Records for processing START

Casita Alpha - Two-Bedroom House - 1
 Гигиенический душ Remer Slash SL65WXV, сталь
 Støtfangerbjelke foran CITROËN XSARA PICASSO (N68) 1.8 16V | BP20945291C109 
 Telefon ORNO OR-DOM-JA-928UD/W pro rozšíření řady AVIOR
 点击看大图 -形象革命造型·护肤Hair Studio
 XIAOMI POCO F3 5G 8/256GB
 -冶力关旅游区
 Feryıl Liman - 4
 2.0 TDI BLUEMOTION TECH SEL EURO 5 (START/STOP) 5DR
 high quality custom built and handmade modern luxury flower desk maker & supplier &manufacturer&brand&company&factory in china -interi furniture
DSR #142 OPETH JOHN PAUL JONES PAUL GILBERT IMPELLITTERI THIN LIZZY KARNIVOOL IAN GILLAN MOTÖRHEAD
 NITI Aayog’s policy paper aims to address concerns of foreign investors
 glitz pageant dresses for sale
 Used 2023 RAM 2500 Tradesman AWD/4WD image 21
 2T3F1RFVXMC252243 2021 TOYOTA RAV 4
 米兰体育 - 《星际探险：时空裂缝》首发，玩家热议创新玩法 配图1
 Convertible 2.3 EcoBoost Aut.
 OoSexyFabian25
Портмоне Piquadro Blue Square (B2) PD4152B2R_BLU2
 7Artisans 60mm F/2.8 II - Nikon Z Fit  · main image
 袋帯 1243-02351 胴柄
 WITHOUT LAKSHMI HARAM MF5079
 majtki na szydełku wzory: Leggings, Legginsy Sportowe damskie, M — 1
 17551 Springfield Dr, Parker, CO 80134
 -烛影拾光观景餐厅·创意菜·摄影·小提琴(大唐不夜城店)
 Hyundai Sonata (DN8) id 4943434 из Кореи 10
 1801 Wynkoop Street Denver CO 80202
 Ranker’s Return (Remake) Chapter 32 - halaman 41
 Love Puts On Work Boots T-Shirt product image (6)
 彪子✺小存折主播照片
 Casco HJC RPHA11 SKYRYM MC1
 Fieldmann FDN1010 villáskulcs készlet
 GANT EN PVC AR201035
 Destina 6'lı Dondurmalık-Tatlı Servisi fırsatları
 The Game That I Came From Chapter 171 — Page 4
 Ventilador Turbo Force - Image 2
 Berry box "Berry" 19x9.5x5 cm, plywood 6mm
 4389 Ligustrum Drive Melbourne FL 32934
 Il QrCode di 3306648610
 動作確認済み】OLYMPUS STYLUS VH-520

Records for processing END

#### [About this task]
Would you please give all of the records again exactly as they stand?

#### [Solution to the exercise]
Casita Alpha - Two-Bedroom House - 1
 Гигиенический душ Remer Slash SL65WXV, сталь
 Støtfangerbjelke foran CITROËN XSARA PICASSO (N68) 1.8 16V | BP20945291C109 
 Telefon ORNO OR-DOM-JA-928UD/W pro rozšíření řady AVIOR
 点击看大图 -形象革命造型·护肤Hair Studio
 XIAOMI POCO F3 5G 8/256GB
 -冶力关旅游区
 Feryıl Liman - 4
 2.0 TDI BLUEMOTION TECH SEL EURO 5 (START/STOP) 5DR
 high quality custom built and handmade modern luxury flower desk maker & supplier &manufacturer&brand&company&factory in china -interi furniture
DSR #142 OPETH JOHN PAUL JONES PAUL GILBERT IMPELLITTERI THIN LIZZY KARNIVOOL IAN GILLAN MOTÖRHEAD
 NITI Aayog’s policy paper aims to address concerns of foreign investors
 glitz pageant dresses for sale
 Used 2023 RAM 2500 Tradesman AWD/4WD image 21
 2T3F1RFVXMC252243 2021 TOYOTA RAV 4
 米兰体育 - 《星际探险：时空裂缝》首发，玩家热议创新玩法 配图1
 Convertible 2.3 EcoBoost Aut.
 OoSexyFabian25
Портмоне Piquadro Blue Square (B2) PD4152B2R_BLU2
 7Artisans 60mm F/2.8 II - Nikon Z Fit  · main image
 袋帯 1243-02351 胴柄
 WITHOUT LAKSHMI HARAM MF5079
 majtki na szydełku wzory: Leggings, Legginsy Sportowe damskie, M — 1
 17551 Springfield Dr, Parker, CO 80134
 -烛影拾光观景餐厅·创意菜·摄影·小提琴(大唐不夜城店)
 Hyundai Sonata (DN8) id 4943434 из Кореи 10
 1801 Wynkoop Street Denver CO 80202
 Ranker’s Return (Remake) Chapter 32 - halaman 41
 Love Puts On Work Boots T-Shirt product image (6)
 彪子✺小存折主播照片
 Casco HJC RPHA11 SKYRYM MC1
 Fieldmann FDN1010 villáskulcs készlet
 GANT EN PVC AR201035
 Destina 6'lı Dondurmalık-Tatlı Servisi fırsatları
 The Game That I Came From Chapter 171 — Page 4
 Ventilador Turbo Force - Image 2
 Berry box "Berry" 19x9.5x5 cm, plywood 6mm
 4389 Ligustrum Drive Melbourne FL 32934
 Il QrCode di 3306648610
 動作確認済み】OLYMPUS STYLUS VH-520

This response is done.